I set out at the beginning of this year with the intention of writing about each of the 16 objectives mentioned in the Brainpickings article that includes this “elevating resolution.”  In this one, site author Maria Poppova talks about mathematician, Russell Bertrand’s writings in defense of boredom.

“I do not mean that monotony has any merits of its own;” Logician and Mathematician Russel Bertrand writes in his book, The Conquest of Happiness. “I mean only that certain good things are not possible except where there is a certain degree of monotony.” Written in 1930, Bertrand even gets a surprisingly prescient dig in about my current pet peeve, ADHD, short-attention-span, screen-addicted fragile-flowers… “A generation that cannot endure boredom will be a generation of little men, of men unduly divorced from the slow processes of nature, of men in whom every vital impulse slowly withers, as though they were cut flowers in a vase.” Ain’t it the truth, ain’t it the truth?!?

Bertrand talks about instilling the patience to endure boredom which he calls “fruitful monotony” into children’s upbringing. When my kids were learning to sleep through the night, we called it learning to self-soothe. I think however, that even someone at the advanced age of 59 like me, can learn to self-sooth as well. To not only endure, but welcome boredom, and eventually benefit from cultivating this core capacity. We all need to unplug, and take a walk.

Think about cultivating boredom in terms of your art, or hobby, or even your relationships. You paint/write/ spend time with your sweetie because you enjoy them, you enjoy the practice. You don’t want to be all ‘adrenalin junky’ about achieving only an end result. Think instead…

  • Enjoy the hunt/chase
  • It’s not the destination, it’s the journey

If you’re doing something you enjoy, then there is no end result, there is only the process. And tell me if this is as true about you as it is about me – sometimes you just hit a wall, you lose interest in whatever you’re doing and quit. Right?
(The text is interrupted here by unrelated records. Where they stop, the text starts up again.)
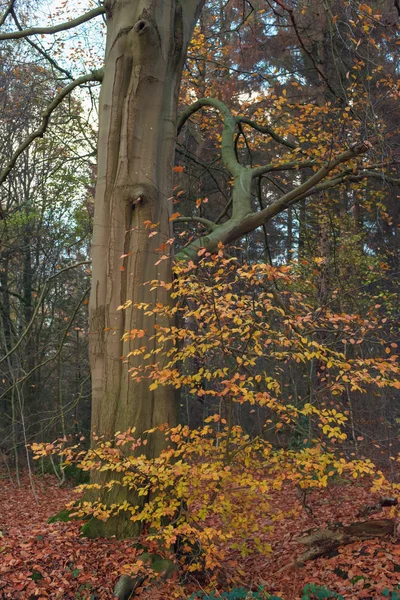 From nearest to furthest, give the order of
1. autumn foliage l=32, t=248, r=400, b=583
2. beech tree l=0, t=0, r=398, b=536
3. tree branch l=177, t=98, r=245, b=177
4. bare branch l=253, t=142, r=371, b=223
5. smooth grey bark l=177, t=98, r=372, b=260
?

There is much to be said about staying with your project/practice/routine long enough to discover what is on the other side of that wall. My creative writing professor called this ‘writing to and through the dragon.’ This is going to sound backward, but go with me on this…

If you embrace your boredom, you rob it of it’s power over you.

Think of it like facing your fears. Like doing that thing that scares you the most. If you are afraid of heights, and you push yourself to look over that ledge, or take the elevator to the 49th floor, or climb that mountain, gradually your fear of those places decreases. Similarly, if you constantly try to find something to entertain yourself, constantly fearing boredom, that urge will eventually dominate you. You need to stare down that thing which dominates you, and conquer it.

I’ve been working on my passions over the past year. Trying to establish a practice, if you will, in writing, yoga, meditation, keeping up with the housework… OK that last one isn’t a passion, but you get the picture. Establishing a practice is dangerously close to establishing a routine, and we all know that a routine is fraught with boredom. But – AHA! Here we have Bertrand’s point, paraphrased by my professor – work to AND THROUGH the boredom dragon. With anything, there will be boredom, but maybe, just maybe, boredom might be the doorway to “inventiveness and imaginative play” the lost joy of learning.